Печальная нотка в ее голосе. Как сладко она звучит в ушах того, кого спрашивают.
– Была и есть.
– Она жива?
– Да!
– Конечно. Как я могла подумать иначе? И она должна быть молодой?
– Ей пятнадцать лет – почти точно до одного дня.
– Правда? Какое странное совпадение! Вы ведь знаете, сколько мне лет?
– Мисс Вернон, в книге много совпадений – гораздо более странных.
– Правда! Я сама об этом думала. Разве могла я не думать?
– Конечно, нет, – особенно после такого счастливого дня рождения.
– Да, он был счастливый. Но потом я не была так счастлива.
– Надеюсь, не чтение моей книги вас опечалило? Если так, я сожалею, что написал ее.
– Спасибо! – ответила девушка. – Вы очень добры, говоря так.
После этих слов она стала молчаливой и задумчивой.
– Но вы говорите, что не все там правда? – продолжала она после паузы. – А какая часть? Вы сказали, что Зоя существует в действительности?
– Так и есть. Может, она единственная в книге соответствует реальности. Я отвечаю за верность ее портрета. Она всегда была в моей душе, когда я ее описывал.
– О! – воскликнула его спутница, подавив вздох. – Так и должно быть. Я уверена в этом! Иначе как вы могли бы так верно описать ее чувства? Я была в ее возрасте и знаю это!
Мейнард слушал с радостью. Никогда в ушах автора не звучала музыка слаще.
Дочь баронета как будто спохватилась. Подействовала либо гордость своим положением, либо сильный инстинкт любви, которая не теряет надежду.
– Зоя, – сказала она. – Красивое имя – и очень необычное! Не имею права вас спрашивать, но не могу сдержать любопытство. Это ее подлинное имя?
– Нет. И только вы во всем мире имеете право знать, каково оно.
– Я? Почему?
– Потому что это вы ! – ответил он, не в силах больше скрывать правду. – Вы!
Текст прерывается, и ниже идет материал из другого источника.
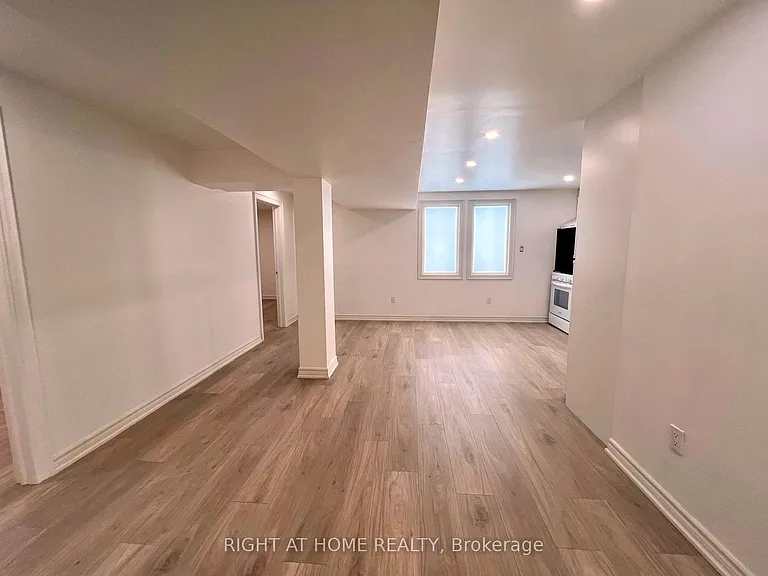 99 Ascalon Dr — Photo 8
Да, Зоя из моего романа – портрет прекрасной девочки, которую я встретил на пароходе линии "кунард". С тех пор она подросла и стала еще привлекательней. И тот, кто ее увидел, постоянно думал о ней; им овладела страсть, которая искала возможности быть выраженной в словах. Искала и нашла. В результате возникла Зоя – портрет Бланш Вернон, написанная тем, кто любит ее и готов отдать за нее жизнь!
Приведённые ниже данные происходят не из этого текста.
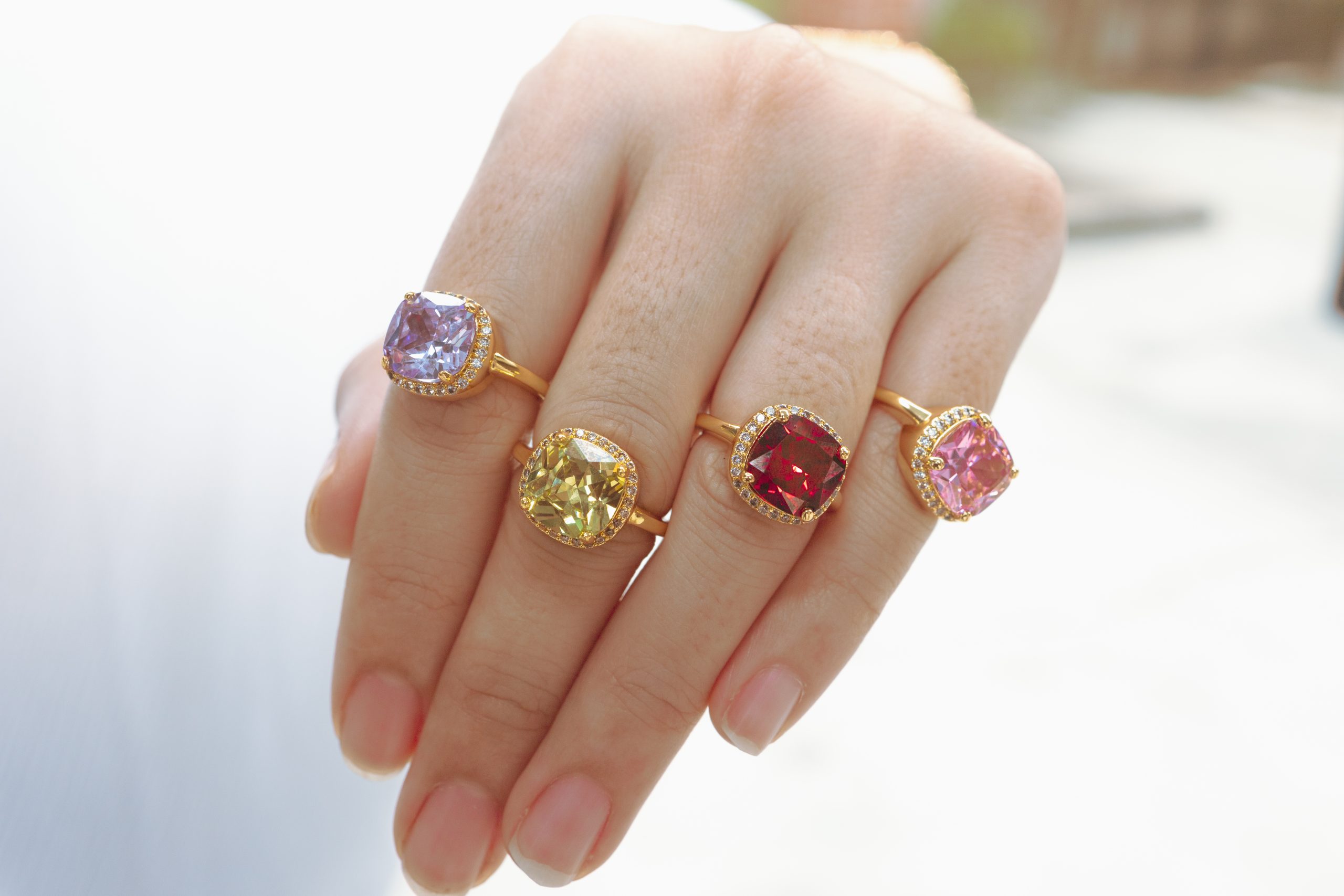 ROUNDED SQUARE LAVENDER COCKTAIL RING - Image 4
Услышав эту страстную речь, дочь баронета задрожала. Но не от страха. Напротив, в сердце ее вспыхнула радость.
Сердце это было слишком молодо и невинно, чтобы стыдиться своих чувств. В последовавших быстрых вопросах не было и попытки что-то скрыть.
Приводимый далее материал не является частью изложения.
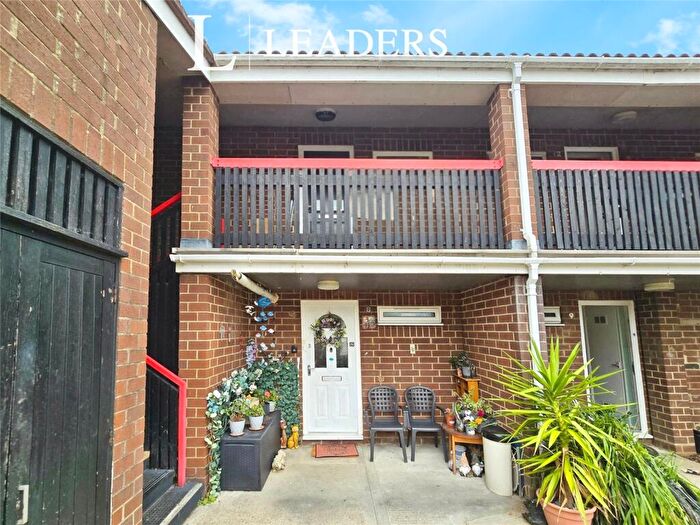 1 Bedroom Apartment For Sale In The Chine, Gosport, Hampshire, PO13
– Капитан Мейнард, это правда? Или вы так говорите, чтобы польстить мне?
– Правда! – ответил он тем же страстным тоном. – Это правда! С того часа, как я впервые вас увидел, вы всегда были в моих мыслях. Возможно, это глупость – безумие, но я не могу перестать думать о вас.
– А я о вас!
– О, небо? Неужели это правда? Неужели осуществится мое предчувствие? Бланш Вернон, любите ли вы меня?
– Странный вопрос,чтобы задавать ребенку!
Слова были произнесены человеком, который до тех пор не участвовал в разговоре. У Мейнарда похолодела кровь: он узнал в тени кедра высокую фигуру сэра Джорджа Вернона!
***
Еще не было двенадцати ночи. Капитан Мейнард успел сесть в ночной поезд и на нем вернулся в Лондон.